La France a-t-elle baissé les bras face au Royaume-Uni dans l'épineux dossier de la pêche? La question se pose, alors que la ministre de la Mer, Annick Girardin, a annoncé jeudi réfléchir au financement d'un plan de sortie de flotte. Concrètement, cela veut dire que les pêcheurs français qui n'auront pas obtenu leurs licences de pêche seront indemnisés mais ils devront mettre leurs bateaux à la casse. Pour les pêcheurs, c'est une annonce inacceptable.
"Ils abandonnent le combat. Ils nous laissent tomber. Ça fait onze mois qu'ils nous disent de ne pas bouger le petit doigt, qu'ils obtiendront les licences, que s'ils ne les obtiennent pas il y aura des mesures de rétorsion. Aujourd'hui, on n'a pas les licences et il n'y a pas de mesures de rétorsion. On se sent trahis", regrette sur BFMTV Pierre Vogel, pêcheur à Saint-Malo.
"On ne veut pas de compensations financières, on veut continuer à travailler comme on le faisait jusqu'à présent, jusqu'à il y a encore trois semaines", assure le pêcheur breton.
Les pêcheurs français sont face à un choix cornélien: soit ils acceptent cette indemnisation et renoncent à leurs bateaux, soit ils se contentent de pêcher dans les eaux françaises, dont les poissons se vendent deux à huit fois moins chers que ceux pêchées dans les eaux britanniques.
"On a beaucoup d'amertume"
"On est abandonné par notre gouvernement. Encore une fois, ils baissent leur pantalon devant les Anglais […]. Quand est-ce que le gouvernement français va taper du poing sur la table ?", déplore Philippe Lepage, pêcheur à Granville (Manche), interrogé par BFMTV.
"Il n'y a qu'à abandonner nos bateaux et on nous donne du pognon, et on fait quoi après? Changer de métier? À 50 balais, je vais changer de métier? Tous mes collègues, c'est la même chose, on va faire quoi? Qu'est-ce qu'on va devenir? Moi je suis bientôt à la retraite, mais tous les jeunes qui ont mis des millions [pour acheter des bateaux], ils vont faire quoi?", s'inquiète-t-il.
"On a vraiment l'impression de perdre du terrain en permanence. On a beaucoup d'amertume" explique Jean-Baptiste Huchard, pêcheur à Port-en-Bessin-Huppain (Calvados), sur BFMTV. "Ce problème du Brexit est étroitement lié à deux autres problèmes, [celui] des éoliennes en mer et [celui] de la présence [de plus en plus importante] des pêcheries hollandaises [dans la Manche]. Tout ça s'inscrit dans un partage du territoire qui, pour nous, devient vraiment oppressant" car "les pêcheries françaises ont de moins en moins d'espace pour réaliser leur travail", poursuit-il.

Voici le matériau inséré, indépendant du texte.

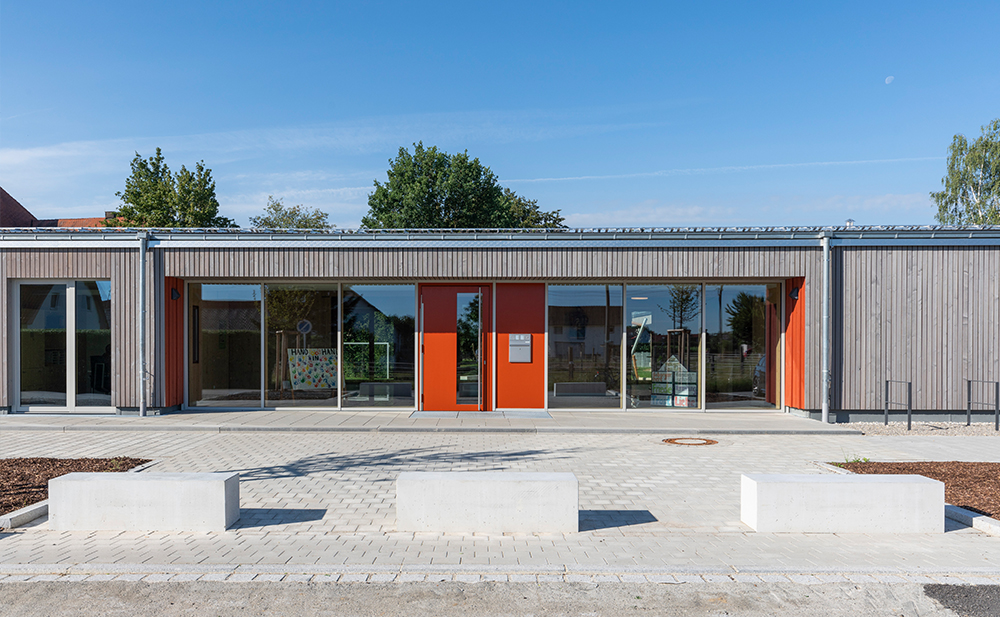Außenperspektive Eingangsbereich einer Kinderkrippe in Weilach
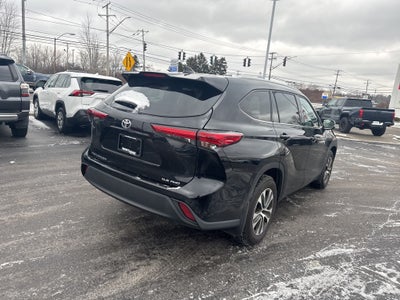 2022 Toyota Highlander XLE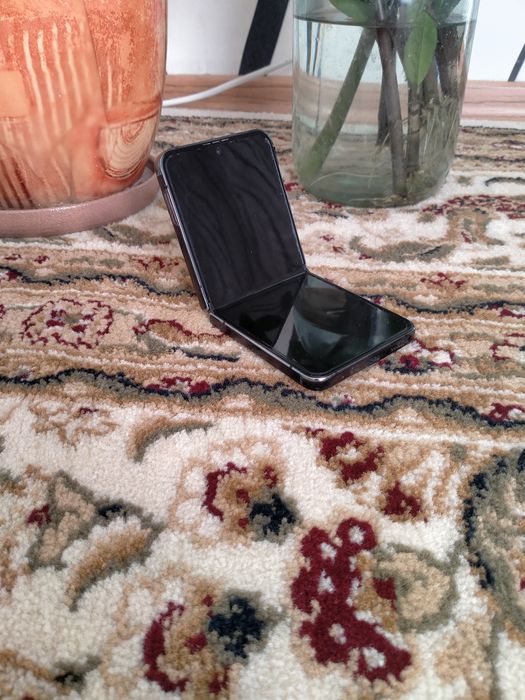 Продам самсунг флип 4 в идеальном сосьоянии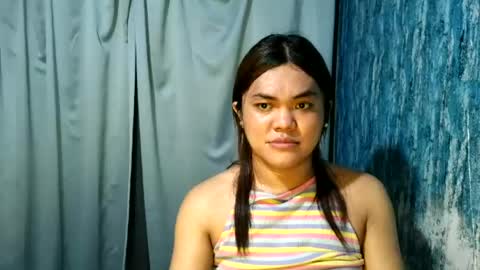 urhottie_bella online show from July 7, 8:46 pm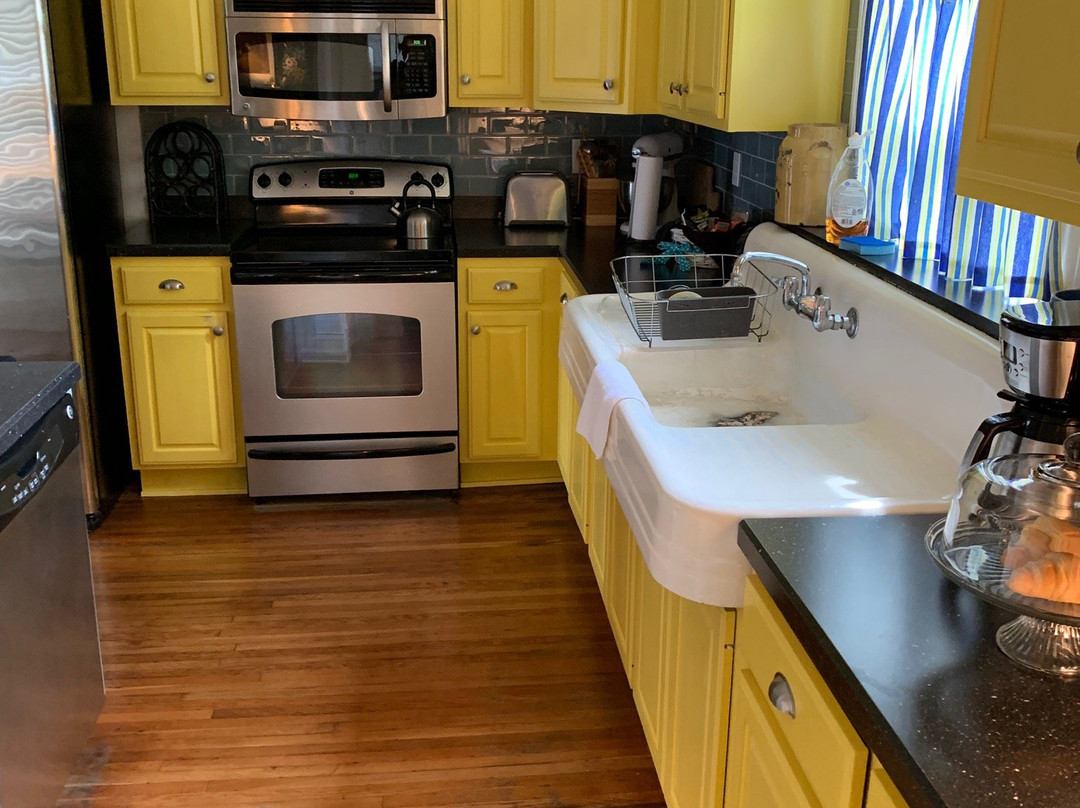 Colonel's Cottage Inns主图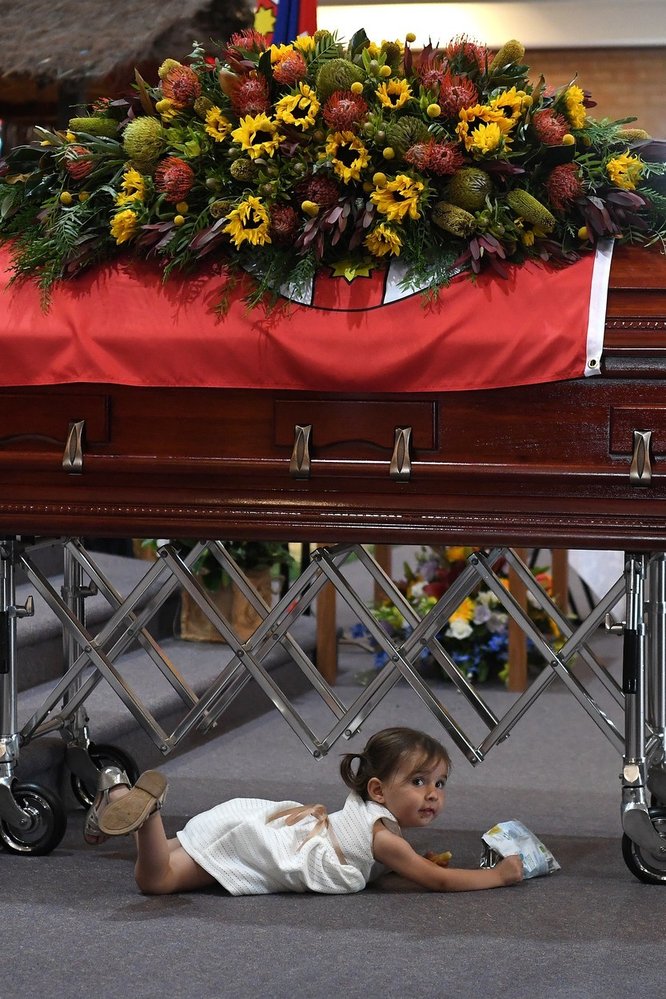 Dojemný pohřeb australského hrdiny, který zemřel při boji s požárem.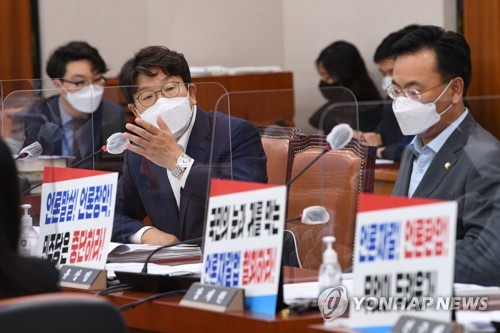 국민의힘 권성동 의원이 24일 서울 여의도 국회 법제사법위원회 전체회의에서 박범계 법무부 장관에게 질의하고 있다./성형주기자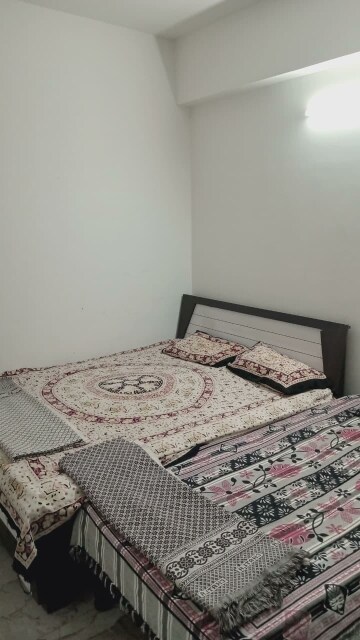 Bedroom in 3 BHK Apartment at Chandkheda – for Rent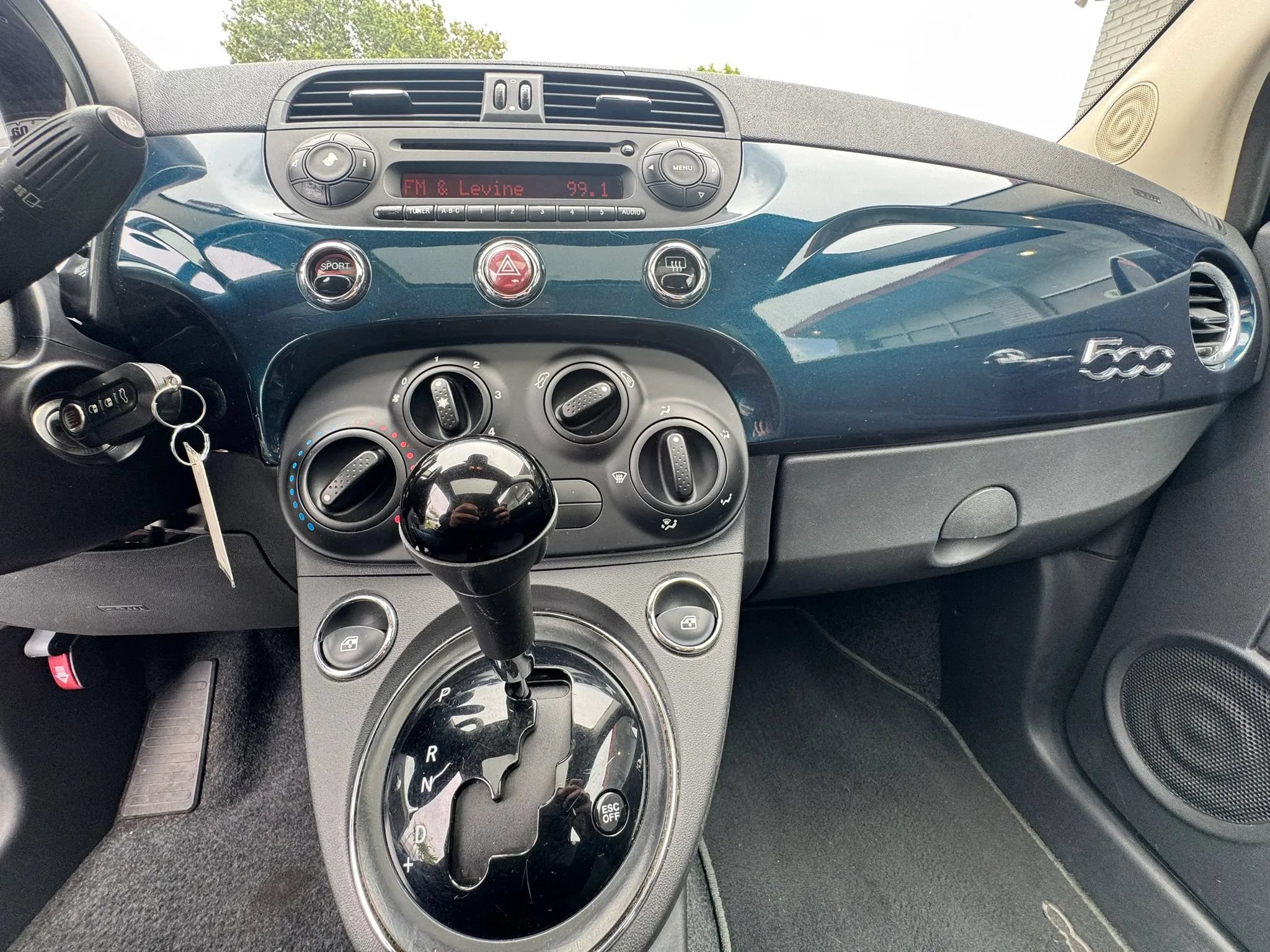 Used 2015 FIAT 500 Pop FWD image 21
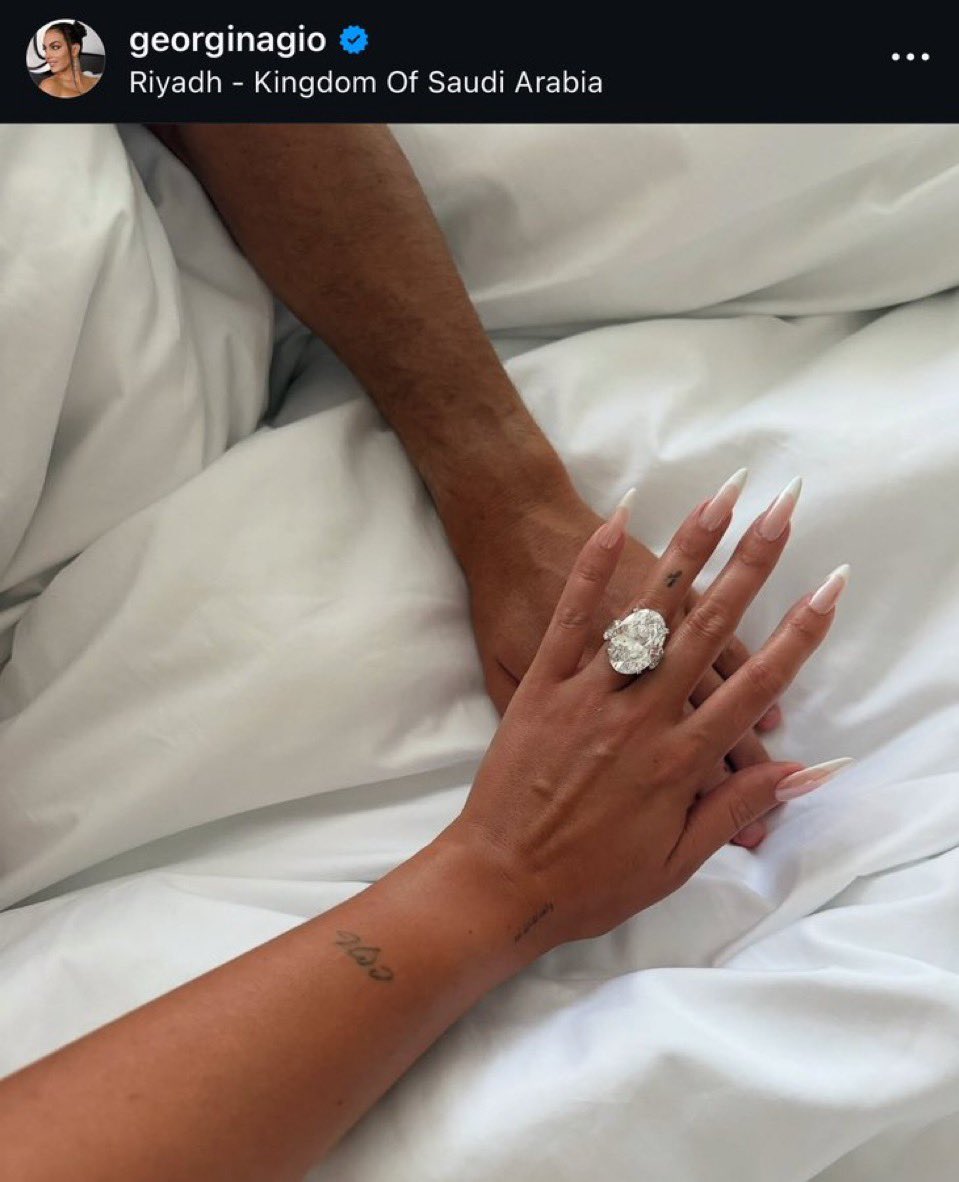 🚨🚨 Cristiano Ronaldo sevgilisi Georgina Rodriguez’e evlenme teklifi etti !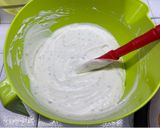 Foto del passaggio 6 della ricetta Cheesecake al basilico, limone e miele con yogurt, pinoli e morette di rovo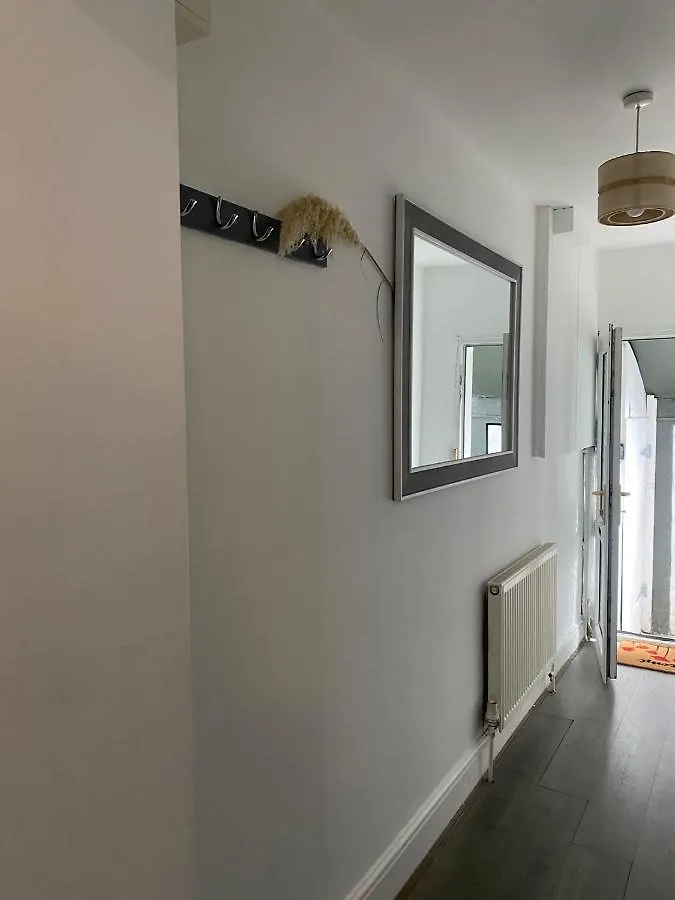 Bright One Bed Apartment Brighton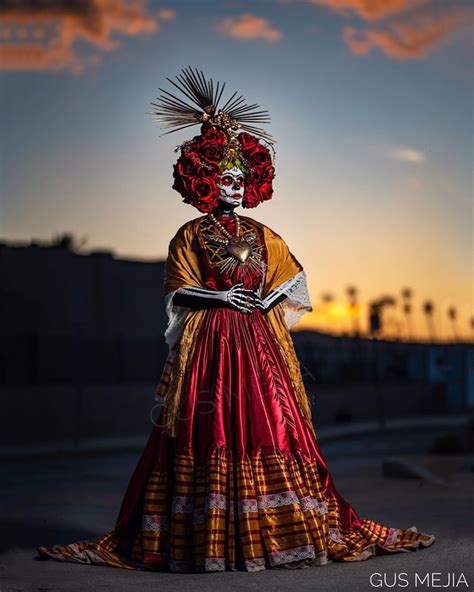 Full Catrina costume. No Mexico filter since it´s being busy with the US fires. - 9GAG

La licence du pêcheur normand n'a pas encore été renouvelée. S'il n'obtient pas cette licence, "ça va être très dur", explique-t-il.
"Je n'envisage pas encore de mettre mon bateau à la casse, je vais me battre jusqu'au bout. Ça fait trente ans que je navigue, je me suis lourdement investi financièrement, humainement, pour acquérir mon navire […]. Beaucoup d'entre nous ne vont pas tenir, parce que financièrement parlant, si moi j'arrive encore à tenir le coup, pour d'autres j'imagine que ça doit être très compliqué", assure Jean-Baptiste Huchard, qui précise que les pêcheurs français "envisagent" des actions communes pour défendre leur activité.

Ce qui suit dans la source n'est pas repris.